[Provided information]
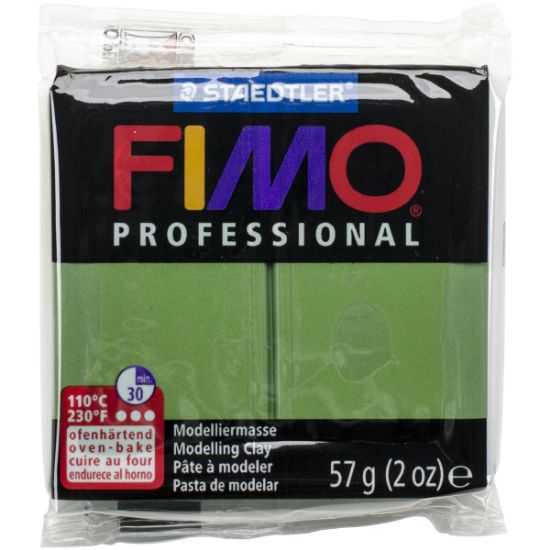 Picture of Fimo Professional Soft Polymer Clay 2oz Leaf Green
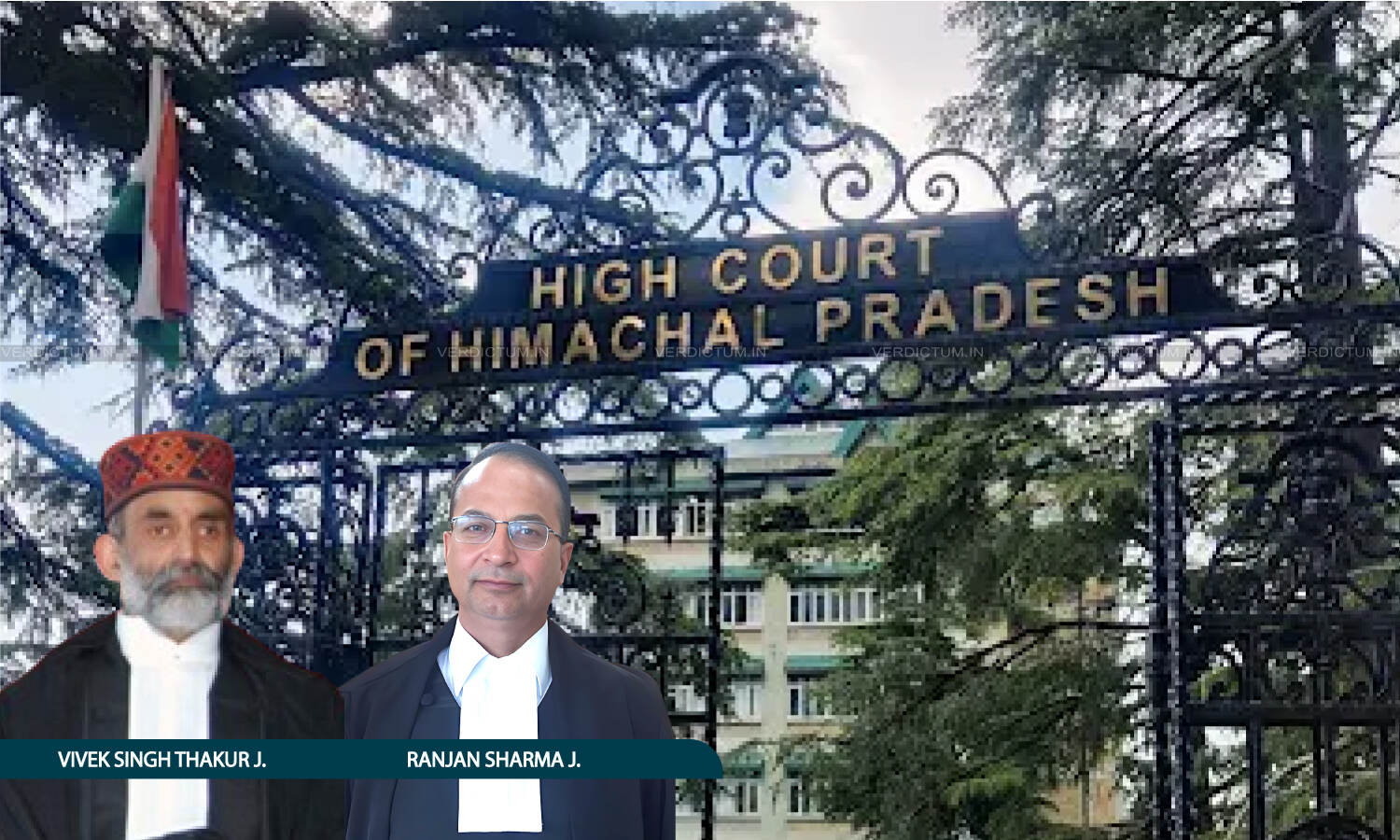 1723082 himachal pradesh hc justice vivek singh thakur and justice ranjan sharma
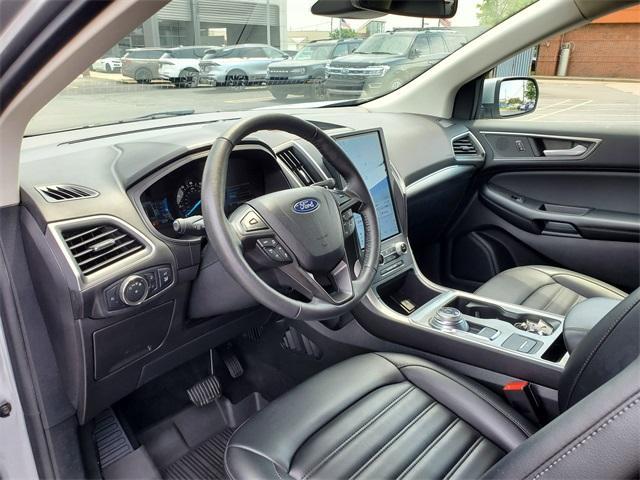 used 2022 Ford Edge car, priced at $27,900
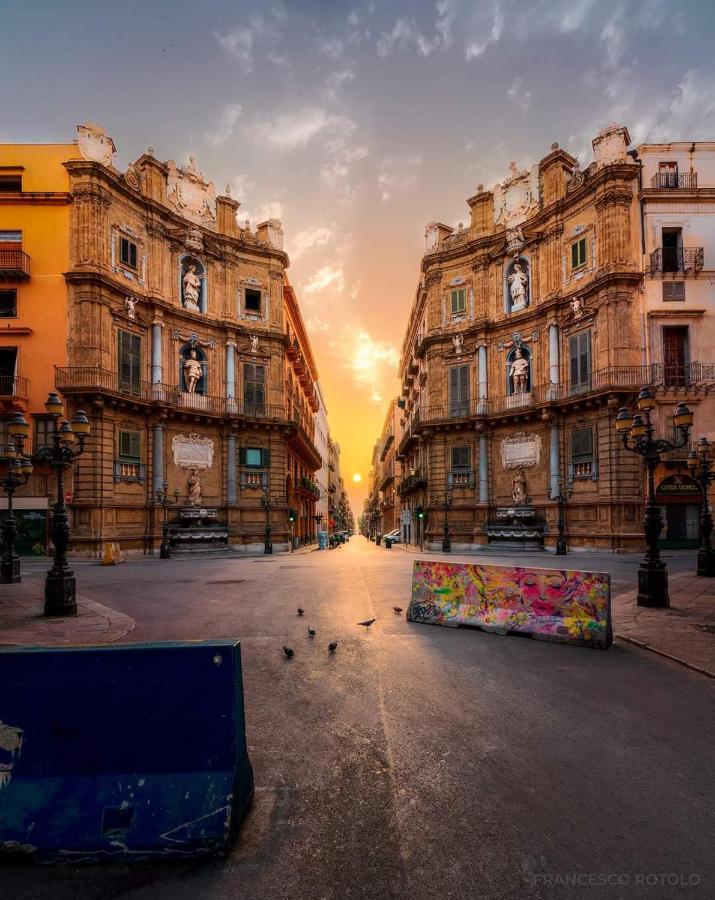 315 Via Roma Rooms Centro Палермо Екстериор снимка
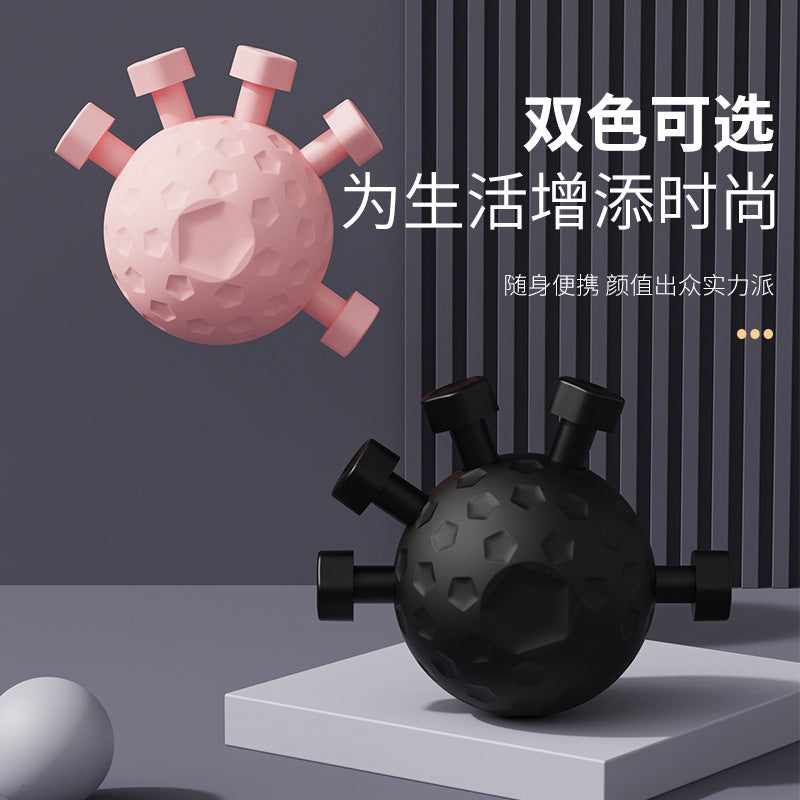 Eagle claw finger strength device hand exercise decompression finger pressing ball grip ball fitness training equipment wrist grip device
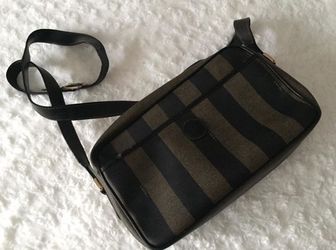 Vintage Fendi Crossbody Bag.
[/Provided information]
▶ _Exercise goal_: From the first line of the entries above through the line with "315 Via Roma", set down each line exactly and drop the pictures.

▶ _Solved exercise_:
 Picture of Fimo Professional Soft Polymer Clay 2oz Leaf Green
 1723082 himachal pradesh hc justice vivek singh thakur and justice ranjan sharma
 used 2022 Ford Edge car, priced at $27,900
 315 Via Roma Rooms Centro Палермо Екстериор снимка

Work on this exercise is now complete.